Zach Ware

Seed investment benchmarks

A founder we’ve gotten to know over the past few months asked me to share benchmarks that we would want to see in order to lead a larger investment round in a commerce company. My answer is by no means an exhaustive list of what we look for.

I generally like to live my life by a basic set of guidelines, not strict rules. Rules ignore context. Context changes everything. Some benchmarks are relevant for some companies and some aren’t. We invest the same way.

I realized my answer applied to more than just the one company so I wanted to share it (and later link to it).

Seasonal is seasonal. It’s just a thing. 

Benchmarks are relative for seed investments. Our primary concern for any early stage company is determining whether they can capture a repeat market. We see Kickstarter as a way to validate one component of the business but the real validation for investors and really for the company is when you develop a repeating direct retail relationship.

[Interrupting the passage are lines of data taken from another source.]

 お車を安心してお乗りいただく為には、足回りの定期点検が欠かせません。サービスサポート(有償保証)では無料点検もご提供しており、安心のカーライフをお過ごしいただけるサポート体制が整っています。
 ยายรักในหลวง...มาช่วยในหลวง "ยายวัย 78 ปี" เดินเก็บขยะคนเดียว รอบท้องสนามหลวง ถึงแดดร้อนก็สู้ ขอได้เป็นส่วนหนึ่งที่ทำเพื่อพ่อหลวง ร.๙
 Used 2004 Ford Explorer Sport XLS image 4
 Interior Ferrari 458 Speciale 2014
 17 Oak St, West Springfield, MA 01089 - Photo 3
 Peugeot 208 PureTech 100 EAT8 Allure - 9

Can customers find you? Do they buy? Do they buy twice? Do they return? For a product made to last, what’s your growth strategy from customer to customer? What are your unit margins?

The only one of those we have a quantitative benchmark for is margin. If your margins are sub-50% you require venture capital to operate (as opposed to requiring VC to grow). That’s a huge red flag. Absent an empirical path to cost of goods savings from provable economies of scale, the margins are going to stay sub-50 and the business is capital-dependent. That’s a big problem.